A descriptive, prospective, and multicentric study carried out in 9 hospitals in the Spanish Network for Research in Infectious Diseases (REIPI) over a 39-month period. All adults patients admitted to the participating hospitals with the diagnosis of acute community-acquired bacterial meningitis (Ac-ABM) were included in this study. All these cases were diagnosed on the basis of a compatible clinical picture and a positive cerebrospinal fluid (CSF) culture or blood culture.
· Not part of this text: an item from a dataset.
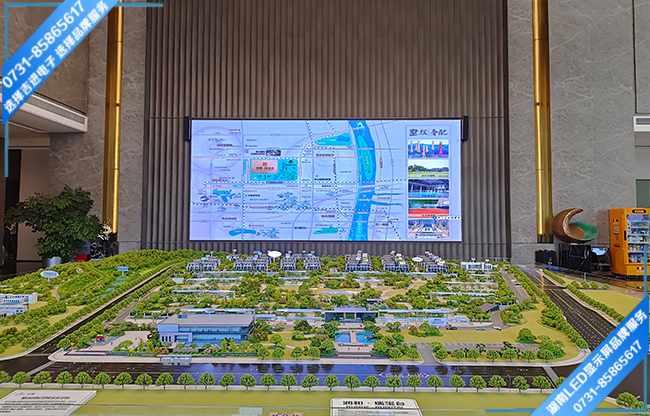 售樓中心LED顯示系統商業價值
The patients were followed up until death or discharge from hospital.

Results

Two hundred and seventy-eight patients with Ac-ABM were included. Forty-six episodes of Lm meningitis were identified in 46 adult patients. In the multivariate analysis only age (OR 1.026; 95% CI 1.00-1.05; p = 0.042), immunosupression (OR 2.520; 95% CI 1.05-6.00; p = 0.037), and CSF/blood glucose ratio (OR 39.42; 95% CI 4.01-387.50; p = 0.002) were independently associated with a Lm meningitis. The classic triad of fever, neck stiffness and altered mental status was present in 21 (49%) patients, 32% had focal neurological findings at presentation, 12% presented cerebellum dysfunction, and 9% had seizures. Twenty-nine (68%) patients were immunocompromised. Empirical antimicrobial therapy was intravenous ampicillin for 34 (79%) of 43 patients, in 11 (32%) of them associated to aminoglycosides. Definitive ampicillin plus gentamicin therapy was significantly associated with unfavourable outcome (67% vs 28%; p = 0.024) and a higher mortality (67% vs 32%; p = 0.040).The mortality rate was 28% (12 of 43 patients) and 5 of 31 (16.1%) surviving patients developed adverse clinical outcome.

Conclusions

Elderly or immunocompromised patients, and a higher CSF/blood glucose ratio in patients with Ac-ABM must alert clinicians about Lm aetiology. Furthermore, we observed a high incidence of acute community-acquired Lm meningitis in adults and the addition of aminoglycosides to treatment should be avoid in order to improve the patients' outcome. Nevertheless, despite developments in intensive care and antimicrobial therapy, this entity is still a serious disease that carries high morbidity and mortality rates.